A fair idea of the extent to which Cooperative Societies are disseminated
in Sweden can be obtained from statistics compiled in 1912. According to
these data, there were registered from 1897 to 1911 no less than 5 896
societies for economic purposes, out of which, however, 551 were eventually
dissolved. Out of this total 3 800 are stated to fall under the head of
workmen’s cooperative societies, — 1 585 being building societies, and
1187 Cooperative stores, while the remaining 2 096 societies were classed
as agricultural cooperative societies.
In proportion to their population, the läns of Jämtland and Gottland
boast of the largest number cooperative societies, whereas the läns of
Blekinge and Jönköping contain the smallest.

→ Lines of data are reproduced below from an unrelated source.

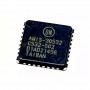 AMIS30532C5321RG, NQFP-21 (7x7mm) SMD Motor Sürücü Entegresi, AMIS-30532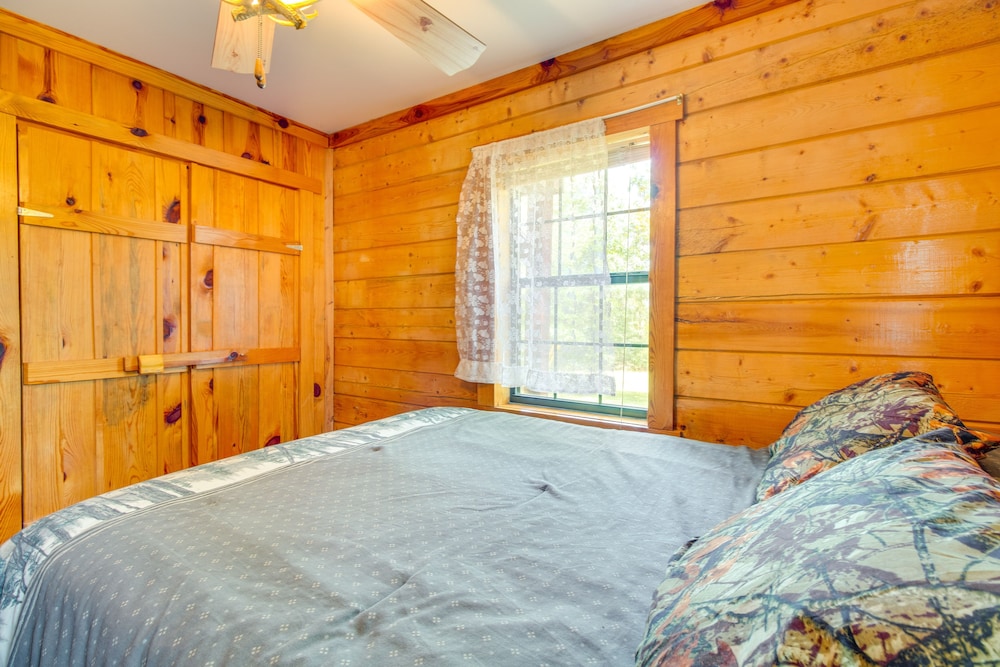House (3 Bedrooms) photo 1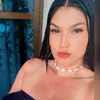 franbettencourt2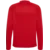 Hummel Majica z dolgimi rokavi Hummel Core 2.0 Sweatshirt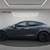 2021 Tesla Model S Long Range Long Range AWD Loaded 47000 miles  MOR-EV REBATE 2 thumbnail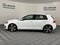 2017 Volkswagen Golf GTI SE
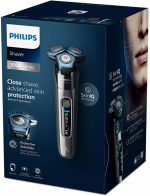 ماشین اصلاح فیلیپس مدل PHILIPS S7788 - Image 7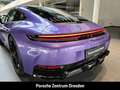 Porsche 992 -2 (911) Carrera GTS*Burmester*Lift*HD-Matr. Violett - thumbnail 13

The number of new societies formed attained its maximum in 1907,
namely 729; in 1911,the number was only 323. The number of societies
subsequently dissolved was greatest among workmen’s societies, namely
443, or 11-6 %, whereas among agricultural societies it was only 108,
or 5-2 %.
Workmen’s Cooperative Societies. The most important undertakings,
regarded from the social and economic point of view, within this category of
cooperative societies, are the cooperative stores (konsumtionsförening) which in
1912 were estimated to number about 800 with from 125 to 135 thousand
members.
Besides these cooperative Societies, there were a number of consumers’
joint-stock companies (handelsaktiebolag) formed by, and for the benefit of, workmen,
as to which more anon.
The cooperative stores in Sweden, as in other countries, are associations of
consumers formed with the object of procuring articles of food and other
necessaries of life cheaply, to distribute them equitably, and to carry on various
kinds of production with this object in view.
Cooperative stores were formed as early as the sixties, on English models,
and many of them are still in existence. In the eighties they underwent a
vigorous development, thanks to the enterprises called workmen’s rings
("arbe-tarringar"), but when these undertakings, whose mission it was to promote the
moral and economic welfare of the workmen, began to decline, the whole
movement came to a standstill, until in 1899 the Swedish Cooperative Union
(Kooperativa Förbundet) was formed. Since that time the progress of the cooperative
movement has been steady.
These societies are most widely disseminated in districts with a numerous
industrial population, especially at manufacturing centres with large factories in
the country. In the larger towns the societies are younger, and owing to the
competition of private trading concerns, and the ebb and flow of the population,
they have not achieved great success. The bulk of the members are workmen,
although also farmers, low-grade officials, fishermen, and other professional
groups have joined in considerable numbers. The movement has no political
colour. A few societies have confined their operations to a certain calling (for
example, to railway officials, non-commissioned officers, etc.), besides which
there exists at Stockholm a large and flourishing society consisting exclusively
of female members principally out of the upper and middle classes.